# Denim stain on a white leather bag!



## SugarRx

I recently wore a long white messenger style aaneta bag into the city and my old blue jens, which have been  washed more times that i can remember transfered onto my white bag!  Is there anything I can try to use at home to clean the light splotches of blue off myself?


----------



## snoopylaughs

I use Meguiar's leather cleaner lotion for 4 or 5 bucks, you can get it at wal-mart next to the car detailing products.  It's originally meant for cleaning the leather seats in nice cars?  But it also says you can use it on shoes and handbags, I've been using it on my cream ferragamo pumps, and to clean off denim transfer on my nude miu miu wedges.

I've had no bad experience with it so far for the past year or so, and I've never tried any other leather cleaners, so I don't know anything about appleguard or anything


----------



## rjez

I'd contact LovinMyBags.  I got several things last week and my Miu Miu Coffer looks great.  There's a tips section and you can always ask Barbara for her rec's or send it to them for cleaning.


----------



## Compass Rose

snoopylaughs said:


> I use Meguiar's leather cleaner lotion for 4 or 5 bucks, you can get it at wal-mart next to the car detailing products. It's originally meant for cleaning the leather seats in nice cars? But it also says you can use it on shoes and handbags, I've been using it on my cream ferragamo pumps, and to clean off denim transfer on my nude miu miu wedges.
> 
> I've had no bad experience with it so far for the past year or so, and I've never tried any other leather cleaners, so I don't know anything about appleguard or anything


 This is what I was going to suggest.  After all, think of all those jeans sitting on white leather.......should work!


----------



## SugarRx

Thanks so much Ladies!  I will definetely give it a try.  I love my aaneta bag and now it just looks slightly smurfyfor my taste.


----------



## SugarRx

Here's a crazy idea...do you think that a Mr. Clean Magic Erasure very slightly dampnened would work on removing the stain from the white leather?


----------



## hannahbananab

the Mr. Clean magic eraser does work to remove dye transfer - IMO - but you have to be careful to be very gentle with it. If you are working on a dyed bag it can remove some of the color from the bag, too. I have never used a magic eraser on a white bag, so I don't know if there are any repercussions. I have used this eraser to remove denim dye from both my rebecca minkoff bags AND the leather seats in my Acura. Works great for me....


----------



## SugarRx

Thanks!  I'll give it a little spot treatment on the underside and see how it goes!



hannahbananab said:


> the Mr. Clean magic eraser does work to remove dye transfer - IMO - but you have to be careful to be very gentle with it.
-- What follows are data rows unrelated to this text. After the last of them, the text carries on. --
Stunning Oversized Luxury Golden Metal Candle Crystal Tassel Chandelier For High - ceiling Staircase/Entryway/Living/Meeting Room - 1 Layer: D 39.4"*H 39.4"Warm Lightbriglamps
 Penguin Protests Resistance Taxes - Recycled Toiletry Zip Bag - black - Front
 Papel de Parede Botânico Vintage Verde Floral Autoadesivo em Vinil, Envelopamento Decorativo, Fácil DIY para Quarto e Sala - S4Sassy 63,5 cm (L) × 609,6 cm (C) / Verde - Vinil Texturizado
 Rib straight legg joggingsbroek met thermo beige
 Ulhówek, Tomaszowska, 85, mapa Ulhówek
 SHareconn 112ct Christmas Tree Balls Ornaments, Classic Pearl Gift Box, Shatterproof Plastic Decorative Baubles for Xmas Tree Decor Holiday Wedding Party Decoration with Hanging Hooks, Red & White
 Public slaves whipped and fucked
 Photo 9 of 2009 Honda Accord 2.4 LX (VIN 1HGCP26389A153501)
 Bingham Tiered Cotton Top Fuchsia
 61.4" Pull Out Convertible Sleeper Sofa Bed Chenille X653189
If you are working on a dyed bag it can remove some of the color from the bag, too. I have never used a magic eraser on a white bag, so I don't know if there are any repercussions. I have used this eraser to remove denim dye from both my rebecca minkoff bags AND the leather seats in my Acura. Works great for me....


----------



## leatherpro

Please do not use Magic Erasers to clean your handbags.  They damage the finish and may remove pigment as well which will not help to make your leather last a long time.  Dye transfer is a problem and if it is on finished leather the longer it is on there the harder it will be to remove.  Using a good water based leather  protector will help to inhibit the problem and make cleaning easier.


----------



## tatertot

I used some LMB products to take a huge denim stain from the back of my MJ tapioca bag and they worked like a dream. There was no blue color left at all when I was done and Barbara walked me through the steps and was a great help. She also gives a pf discount of 10% with code pf.


----------



## Winthrop44

I'm having a huge problem with this issue. All of my dark jeans stained my white leather bag and my new light tan leather car seats. For the summer I just decided to wear white jeans and shorts, but now that fall is coming up I want to wear my dark jeans again with a natural colored leather bag so will have the same problem. I've tried Chicos, J. Jill and Loft and they all do it. Some stains (Loft) are easier and some are harder (Chicos) to remove using leather cleaner. Has anyone come across any brand of dark jeans that doesn't bleed color onto leather and lighter clothes?


----------



## bangles1

Bag Borrow or Steal has a whole department dedicated to cleaning and restoration from what I read. Good luck. My car seats are ruined from the curse of dark denim.


----------



## Winthrop44

Thanks. I'm sorry about your car seats.  I used Zymol leather cleaner on the car seats and my bag and they're both clean now, I'm just looking to prevent it from happening again by getting jeans that don't do this if I can.


----------



## Murphy47

Dye transfer is a curse!! I sit on an old towel when wearing dark denim. My mom uses a pillow case.


----------



## Lvgirl71

Murphy47 said:
			
		

> Dye transfer is a curse!! I sit on an old towel when wearing dark denim. My mom uses a pillow case.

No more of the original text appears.